Davie questions incumbent senator's support of Madigan
It may be business as usual in Springfield now that House Speaker Mike Madigan (D-Chicago) has won re-election as Illinois Democratic Party chairman, but at least one Republican is questioning the move.
Barrett Davie, winner of the Republican primary to face incumbent Sen. Julie Morrison (D-Deerfield) in the 29th District in November, questioned Madigan’s re-election via social media last week.
“Your state senator, Julie Morrison, supported Mike Madigan’s re-election to lead her party this week,” Davie posted on Facebook. “This is unfortunate because, regardless of political party, Mr. Madigan is desperately out of touch with our community’s core values.”
Davie’s post contained a link to an article (that has since been taken down) that pointed out Madigan was re-elected “despite sexual harassment complaints on his watch.”
The headline referred to the criticism leveled against Madigan in February for the way he responded to allegations that campaign aide Kevin Quinn made unwanted advances toward campaign consultant Alaina Hampton via text messages. Accusations also surfaced that another Madigan operative, Shaw Decremer, who is no longer with Madigan, had also been abusive during campaigns.
Although Madigan fired Quinn, at the time the story broke some critics said Madigan himself should resign. Madigan hired attorney Heather Weir Vaught to investigate the situation, according to the Chicago-Tribune.
In March, Hampton claimed in federal court that the harassment forced her to leave Madigan’s operation, damaging her career, according to the Tribune.
Quinn, brother of Chicago Ward 13 Alderman Marty Quinn, traces his history with the Madigan campaign back two decades, the Tribune reports. He was arrested in January and pleaded guilty to disorderly conduct in a separate matter.

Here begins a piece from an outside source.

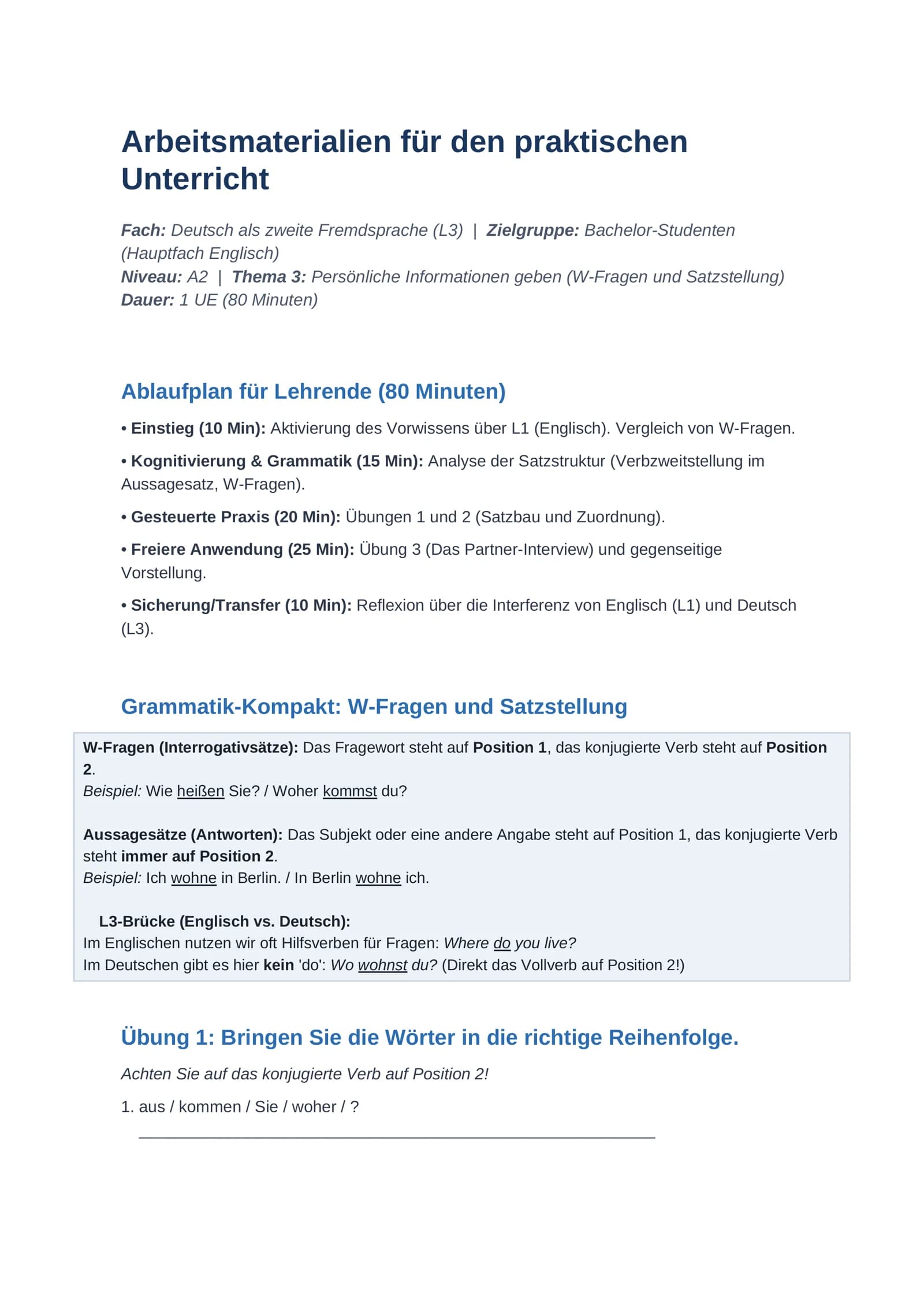 Arbeitsmaterialien für den praktischen Unterricht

Despite the controversy, Madigan easily won re-election as party chairman, with only one committee member – newcomer Peter Janko from Marengo – opposing it, according to the Tribune.
Despite his re-election, some lawmakers have spoken out about the need for a leadership change. In The Daily Journal, U.S. Rep. Robin Kelly (D-Chicago) was quoted as saying change was necessary.
“We need to make sure that we’re respecting every man and woman that has anything to do with this organization,” she said.